L'architecture hostile d'Internet
Laurent Lessig, l'un des principaux juristes de l'Internet, a écrit un livre pionnier qui a discuté des similitudes entre l'architecture dans l'espace physique et des choses comme les interfaces en ligne. Les deux peuvent réguler ce que vous faites dans un endroit, comme le comprend immédiatement quiconque a essayé d'accéder au contenu derrière un "paywall".
Dans le contexte actuel, l'idée qu'Internet est au moins en quelque sorte un espace public où l'on peut rencontrer des amis, écouter de la musique, aller faire les courses, et obtenir des nouvelles est un mythe complet.
À moins que vous ne fassiez de l'argent en trafiquant les données des utilisateurs, l'architecture Internet est hostile de haut en bas. Que le modèle économique d'entreprises comme Facebook soit basé sur la publicité ciblée n'est qu'une partie de l'histoire. Voici quelques autres exemples de la façon dont Internet est conçu par et pour les entreprises, pas le public.
Considérez d'abord qu'Internet aux États-Unis n'est pas réellement, dans n'importe quel sens juridique, un espace public. Le matériel appartient entièrement à des sociétés de télécommunications, et ils ont réussi à faire pression sur 20 législatures d'État pour interdire les efforts des villes pour développer le haut débit public.
La Federal Trade Commission a récemment déclaré son intention d'annuler les règles de neutralité du net de l'ère Obama. Le retour en arrière, qui traite Internet comme un moyen de diffuser du contenu payant, permettrait aux FAI comme les entreprises de télécommunications de fournir leur propre contenu, ou du contenu payant, plus rapide que (ou à la place de) tout le monde. Ainsi, la publicité pourrait venir plus rapidement, et votre blog sur la liberté d'expression peut prendre beaucoup de temps à charger.
La loi sur le droit d'auteur donne à des sites comme YouTube de très fortes incitations juridiques pour, unilatéralement et automatiquement, sans le consentement de l'utilisateur, retirer le matériel qui, selon quelqu'un, porte atteinte, et très peu d'incitations à le restaurer, même si c'est légitime. Ces dispositions de retrait incluent du contenu qui serait protégé par la liberté d'expression dans d'autres contextes ; Les campagnes du président Barack Obama et du sénateur John McCain ont toutes deux vu des contenus supprimés de leurs chaînes YouTube au cours des semaines précédant les élections de 2008.

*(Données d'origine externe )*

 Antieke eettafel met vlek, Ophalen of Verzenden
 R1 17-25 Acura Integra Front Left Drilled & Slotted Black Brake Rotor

Les exigences fédérales selon lesquelles un logiciel de filtrage de contenu est installé dans les bibliothèques publiques qui reçoivent un financement fédéral régissent le seul Internet auquel les pauvres peuvent accéder. Ces programmes produits en privé sont conçus pour bloquer l'accès à la pornographie, mais ils ont tendance à balayer d'autres matériaux, surtout s'il s'agit de problèmes LGBTQ+. Pire, les entreprises qui fabriquent ces programmes ne sont pas tenues de divulguer comment ou ce que leurs logiciels bloquent.
En bref, Internet a suffisamment de séparateurs de sièges et de feuilles décoratives pour être une architecture hostile. Cette fois, bien que, c'est une architecture d'information hostile.
Une conversation plus large
Alors parlons de Facebook. Mais insérons cela dans le cadre d'une conversation plus large sur l'architecture de l'information, et quelle part devrait être cédée aux intérêts des entreprises.
Comme l'a écrit la célèbre théoricienne et activiste urbaine Jane Jacobs, les meilleurs espaces publics impliquent de nombreuses rues secondaires et des interactions imprévues. Notre architecture d'information actuelle, comme notre architecture urbaine fortement surveillée, va dans la direction opposée.
Cet article a été initialement publié sur The Conversation. Lire l'article original.